Find "Compass on white" in the listing below, then set down only that line and each later line, unchanged, leaving out pictures.

┌──

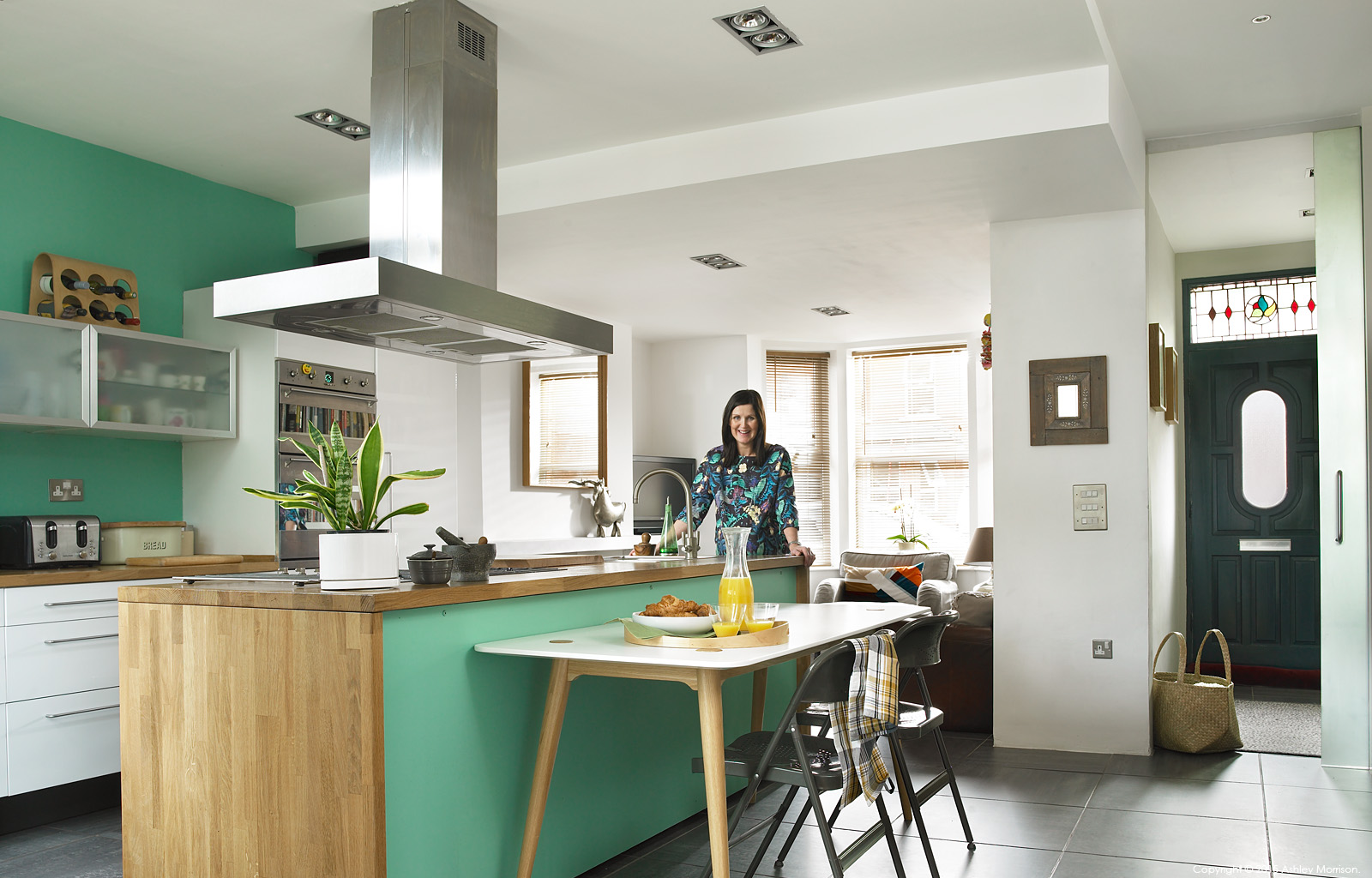 Siobhan McQuillan in the kitchen area of her semi detached home in Belfast.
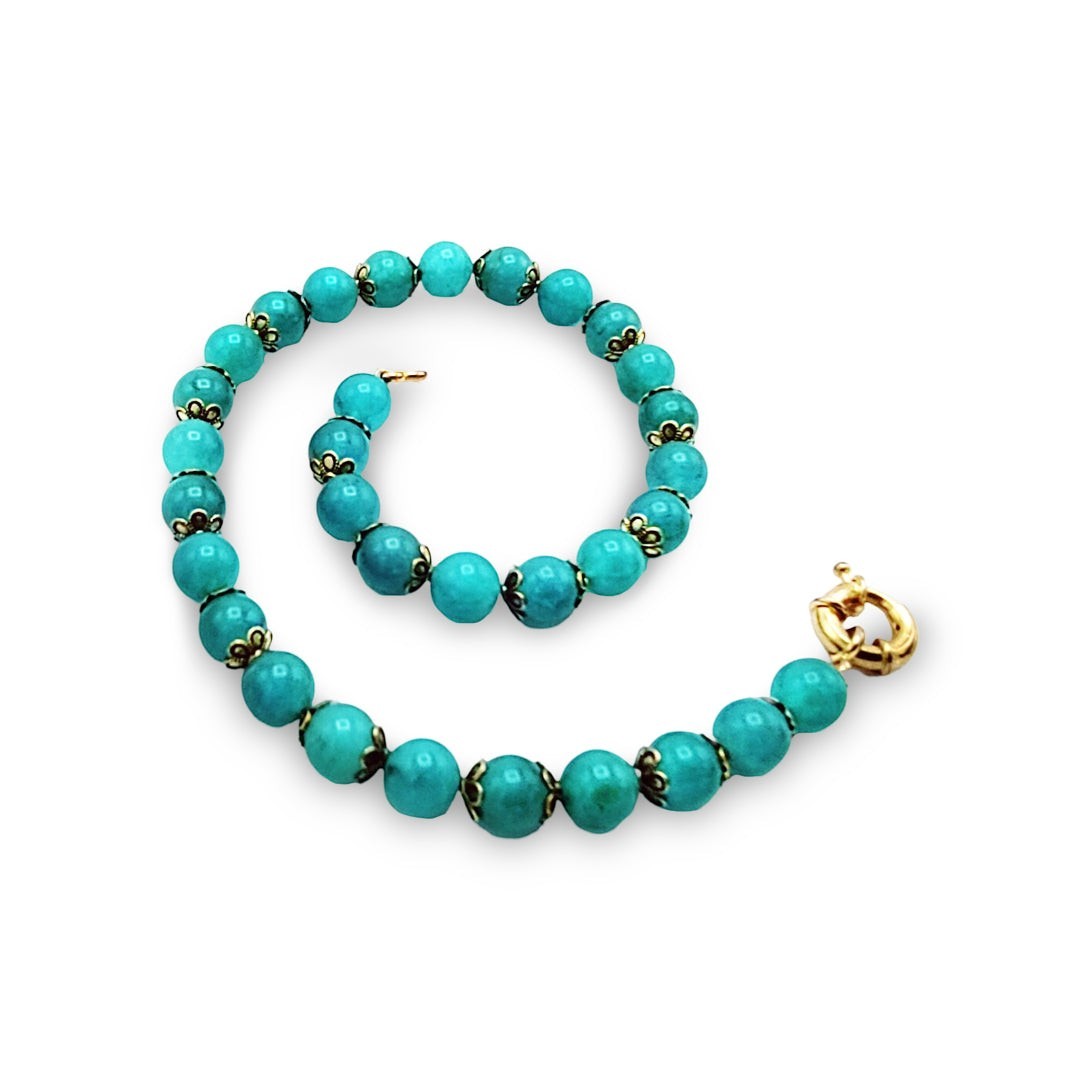 Niz & Aly aqua chalcedony beaded necklace with gold-tone filigree bead caps and a gold clasp on a white background.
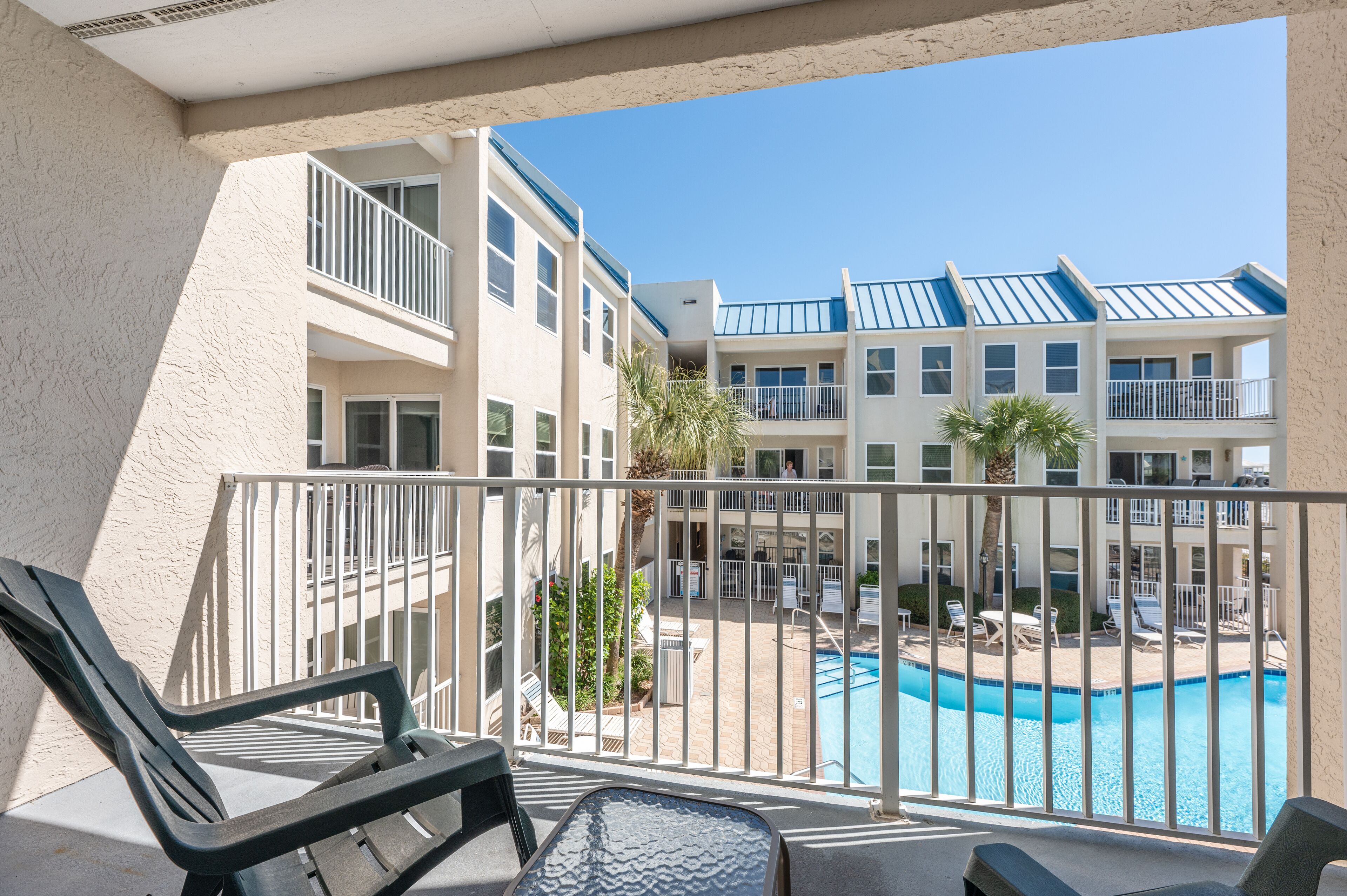 Un balcon donnant sur une piscine et les bâtiments adjacents.
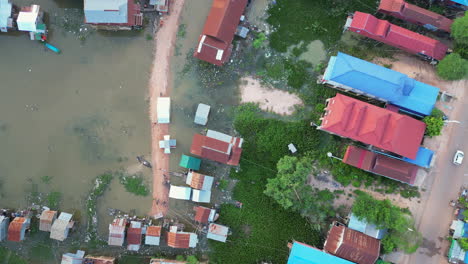 rise above swampland houses in rural cambodia phnom krom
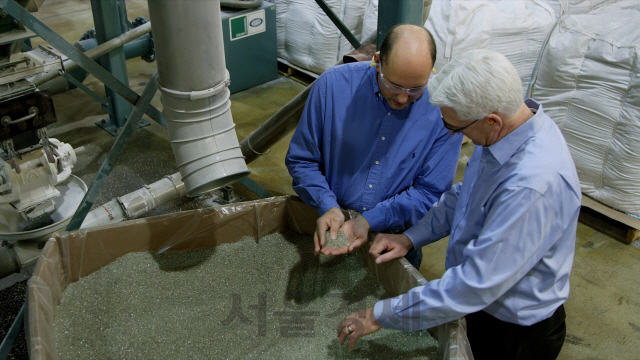 톰 그레이(오른쪽) SKC inc. 신사업 및 마케팅 총괄이 테스트를 진행한 미국 재활용업체 대표와 함께 재활용 PET칩을 살펴보고 있다. /사진제공=SKC
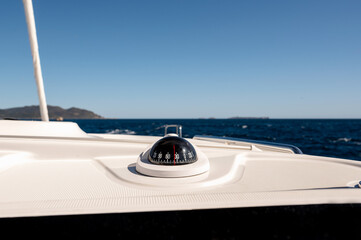 Compass on white panel of contemporary catamaran sailing in sea on sunny day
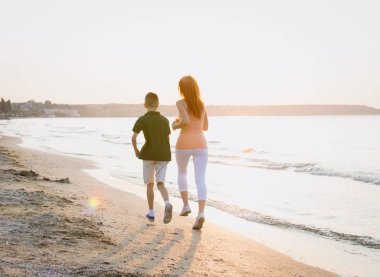 Anne ve oğlu deniz sahilinde gündoğumu veya günbatımı sırasında çalışan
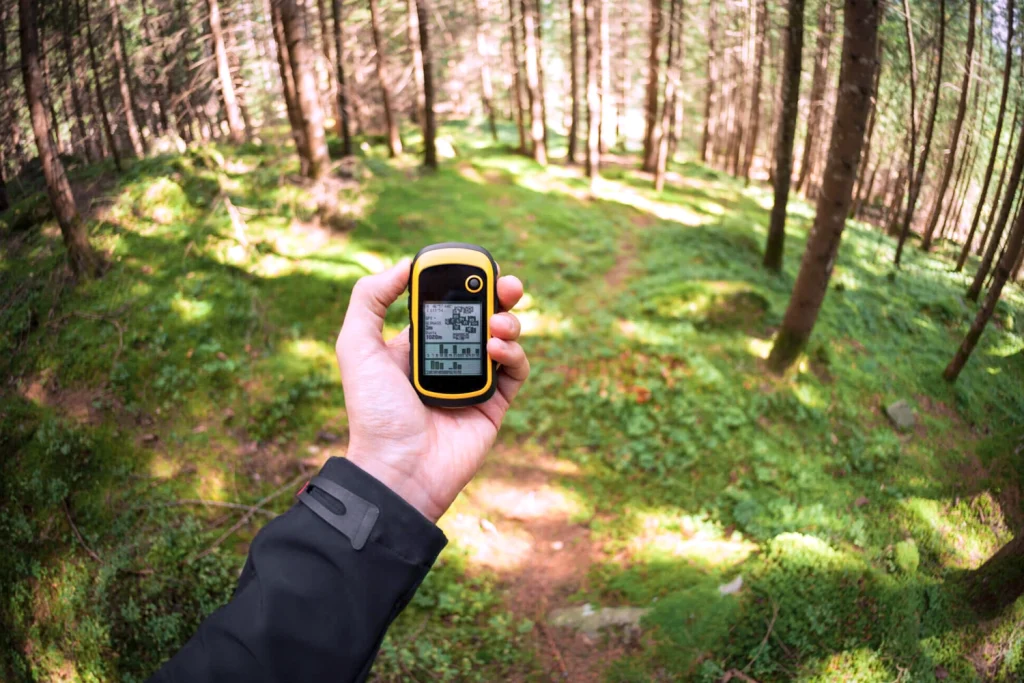 Eine Hand hält ein GPS Gerät in einem Wald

└──

YOUR RESPONSE >>
 Compass on white panel of contemporary catamaran sailing in sea on sunny day
 Anne ve oğlu deniz sahilinde gündoğumu veya günbatımı sırasında çalışan
 Eine Hand hält ein GPS Gerät in einem Wald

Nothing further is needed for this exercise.